• [PROBLEM TO SOLVE]
Down to the last line, repeat the records exactly.

• [AVAILABLE RECORDS]
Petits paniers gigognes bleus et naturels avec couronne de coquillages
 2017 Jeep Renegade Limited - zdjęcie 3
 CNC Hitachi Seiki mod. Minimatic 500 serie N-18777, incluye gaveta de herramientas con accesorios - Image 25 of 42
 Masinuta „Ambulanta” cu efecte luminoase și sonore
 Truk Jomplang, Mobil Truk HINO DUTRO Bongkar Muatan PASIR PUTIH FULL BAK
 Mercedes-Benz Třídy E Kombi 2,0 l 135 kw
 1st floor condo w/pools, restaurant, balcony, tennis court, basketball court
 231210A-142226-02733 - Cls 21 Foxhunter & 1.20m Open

• [ANSWER FOR THIS EXERCISE]
Petits paniers gigognes bleus et naturels avec couronne de coquillages
 2017 Jeep Renegade Limited - zdjęcie 3
 CNC Hitachi Seiki mod. Minimatic 500 serie N-18777, incluye gaveta de herramientas con accesorios - Image 25 of 42
 Masinuta „Ambulanta” cu efecte luminoase și sonore
 Truk Jomplang, Mobil Truk HINO DUTRO Bongkar Muatan PASIR PUTIH FULL BAK
 Mercedes-Benz Třídy E Kombi 2,0 l 135 kw
 1st floor condo w/pools, restaurant, balcony, tennis court, basketball court
 231210A-142226-02733 - Cls 21 Foxhunter & 1.20m Open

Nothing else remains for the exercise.